• [Data for review]
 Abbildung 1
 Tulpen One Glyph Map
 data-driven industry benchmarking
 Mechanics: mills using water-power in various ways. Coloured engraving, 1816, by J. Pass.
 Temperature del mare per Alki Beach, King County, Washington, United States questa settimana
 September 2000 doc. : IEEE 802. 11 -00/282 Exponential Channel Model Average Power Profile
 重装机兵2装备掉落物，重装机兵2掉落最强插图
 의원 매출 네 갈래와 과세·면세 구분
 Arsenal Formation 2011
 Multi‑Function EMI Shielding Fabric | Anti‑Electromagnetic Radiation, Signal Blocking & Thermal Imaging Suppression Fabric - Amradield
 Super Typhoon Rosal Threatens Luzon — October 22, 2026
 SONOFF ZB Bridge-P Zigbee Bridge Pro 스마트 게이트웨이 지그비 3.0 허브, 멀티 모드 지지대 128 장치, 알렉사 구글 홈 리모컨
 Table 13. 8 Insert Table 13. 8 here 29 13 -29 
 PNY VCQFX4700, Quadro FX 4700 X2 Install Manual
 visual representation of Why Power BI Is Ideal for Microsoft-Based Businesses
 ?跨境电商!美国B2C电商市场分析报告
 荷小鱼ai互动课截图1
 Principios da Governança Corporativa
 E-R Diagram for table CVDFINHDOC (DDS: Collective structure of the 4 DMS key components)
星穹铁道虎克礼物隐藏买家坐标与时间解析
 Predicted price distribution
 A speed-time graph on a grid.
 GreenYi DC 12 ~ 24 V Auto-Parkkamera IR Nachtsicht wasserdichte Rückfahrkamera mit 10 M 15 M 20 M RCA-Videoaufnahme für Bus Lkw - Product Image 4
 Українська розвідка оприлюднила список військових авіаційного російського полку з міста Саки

• [Your instructions] Your answer must be every record above, set down exactly as written.

• [Task response]
 Abbildung 1
 Tulpen One Glyph Map
 data-driven industry benchmarking
 Mechanics: mills using water-power in various ways. Coloured engraving, 1816, by J. Pass.
 Temperature del mare per Alki Beach, King County, Washington, United States questa settimana
 September 2000 doc. : IEEE 802. 11 -00/282 Exponential Channel Model Average Power Profile
 重装机兵2装备掉落物，重装机兵2掉落最强插图
 의원 매출 네 갈래와 과세·면세 구분
 Arsenal Formation 2011
 Multi‑Function EMI Shielding Fabric | Anti‑Electromagnetic Radiation, Signal Blocking & Thermal Imaging Suppression Fabric - Amradield
 Super Typhoon Rosal Threatens Luzon — October 22, 2026
 SONOFF ZB Bridge-P Zigbee Bridge Pro 스마트 게이트웨이 지그비 3.0 허브, 멀티 모드 지지대 128 장치, 알렉사 구글 홈 리모컨
 Table 13. 8 Insert Table 13. 8 here 29 13 -29 
 PNY VCQFX4700, Quadro FX 4700 X2 Install Manual
 visual representation of Why Power BI Is Ideal for Microsoft-Based Businesses
 ?跨境电商!美国B2C电商市场分析报告
 荷小鱼ai互动课截图1
 Principios da Governança Corporativa
 E-R Diagram for table CVDFINHDOC (DDS: Collective structure of the 4 DMS key components)
星穹铁道虎克礼物隐藏买家坐标与时间解析
 Predicted price distribution
 A speed-time graph on a grid.
 GreenYi DC 12 ~ 24 V Auto-Parkkamera IR Nachtsicht wasserdichte Rückfahrkamera mit 10 M 15 M 20 M RCA-Videoaufnahme für Bus Lkw - Product Image 4
 Українська розвідка оприлюднила список військових авіаційного російського полку з міста Саки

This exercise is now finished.